Other lawmakers were similarly stymied by the rapid-fire format, unable to probe beyond surface-level accusations that Facebook had breached users' trust. The spokesman would point only to previous statements that Kogan sold data to former Cambridge Analytica employee Christopher Wylie and a company he founded called Eunoia Technologies. Even former United States president Barack Obama's campaign made one that accessed the friend lists of those who used it.
Rep. Jan Schakowsky (D-IL) tried to get Zuckerberg to name an exact deadline for when Facebook would complete the audit.
"Zuckerberg's testimony demonstrated that the company has matured over the last decade, in particular in his acknowledgement that Facebook is responsible for the content shared on its platform", said University of DE communications professor Dannagal Young.
Rep. Jan Schakowsky, a Democrat from IL, recounted a long list of Zuckerberg's apologies over the years before concluding: "This is proof to me that self-regulation does not work". "It was my mistake, and I'm sorry", he said.

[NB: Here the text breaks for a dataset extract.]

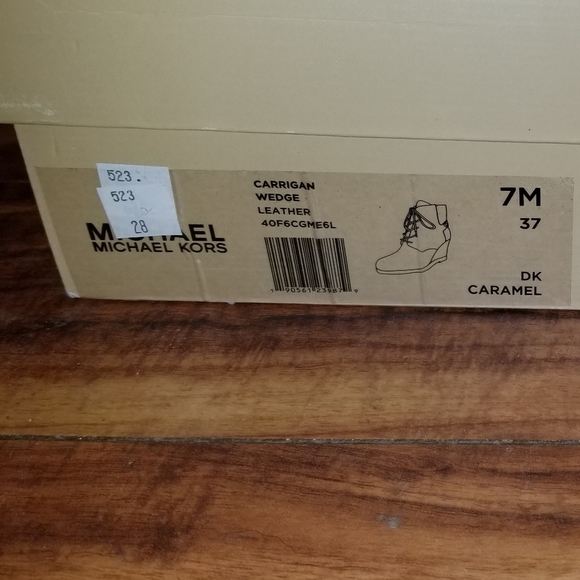 CARRIGAN WEDGE LEATHER BOOTIES - Picture 12 of 12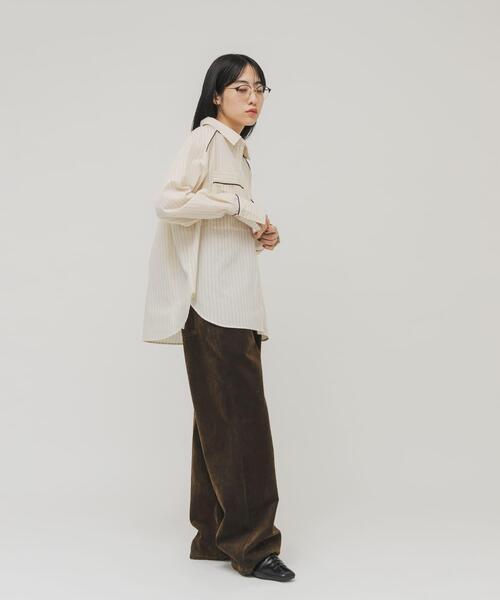 KBF(ケイビーエフ)の「ストライプBIGシャツ(シャツ/ブラウス・レディース・ブラウン/アイボリー・ONE)」の19枚目の写真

I think Facebook is a lot of things. He told the Senate that Facebook had been led to believe Cambridge Analytica had deleted the user data it had harvested and that had been "clearly a mistake".Читайте также: NVDA) — NVIDIA Corporation (NASDAQ
In the 4 minutes of tensed exchange, the representative also asked Zuckerberg if he was willing to change Facebook's business model to protect the privacy of people who use the social media platform.

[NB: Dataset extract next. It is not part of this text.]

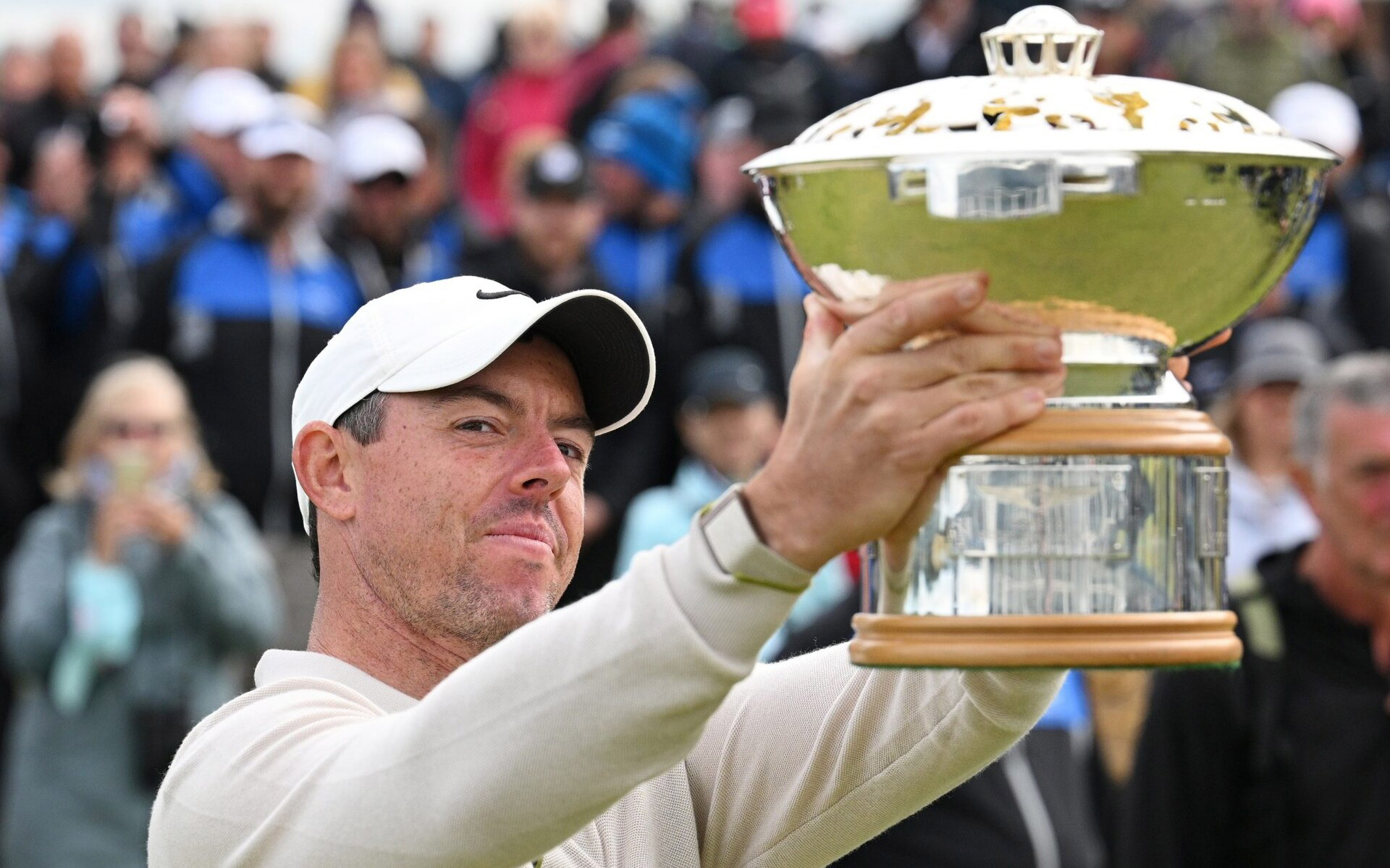 Rory McIlroy hits longest drive but ‘one of greatest shots of my career ...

Consumer Privacy: What happened with Cambridge Analytica? The app vacuumed up not just the data of the people who took it, but also - thanks to Facebook's loose restrictions - data from their friends, too, including details that they hadn't meant to share publicly.
The CEO promised that Facebook would be "proactive" about privacy in the future, and promised to cooperate with Congress on crafting regulations for the social media industry. Some lawmakers seemed unclear on that, but other lawmakers pointed out that the company greatly benefits from the collection of user data for advertising. They have also been blamed for not taking enough action to prevent the spread of false news. By the terms of a 2011 consent decree, Facebook is required to identify and address emerging threats to user privacy.
Frank Pallone, the top Democrat on the panel and a 30-year veteran of the House, said at the beginning of the hearing that he plans to work on legislation but is pessimistic that Congress will pass anything.
"I think that's a very good clarification, because people are wondering how 300,000 becomes 87 million", said Collins.
However, Zuckerberg added that lawmakers would have to be "careful" about how to put possible regulations in place.
"[Data collection] includes information about the websites and apps you visit, your use of our services on those websites and apps, as well as information the developer or publisher of the app or website provides to you or us", the policy reads.При любом использовании материалов сайта и дочерних проектов, гиперссылка на обязательна.
«» 2007 - 2018 Copyright.
Автоматизированное извлечение информации сайта запрещено.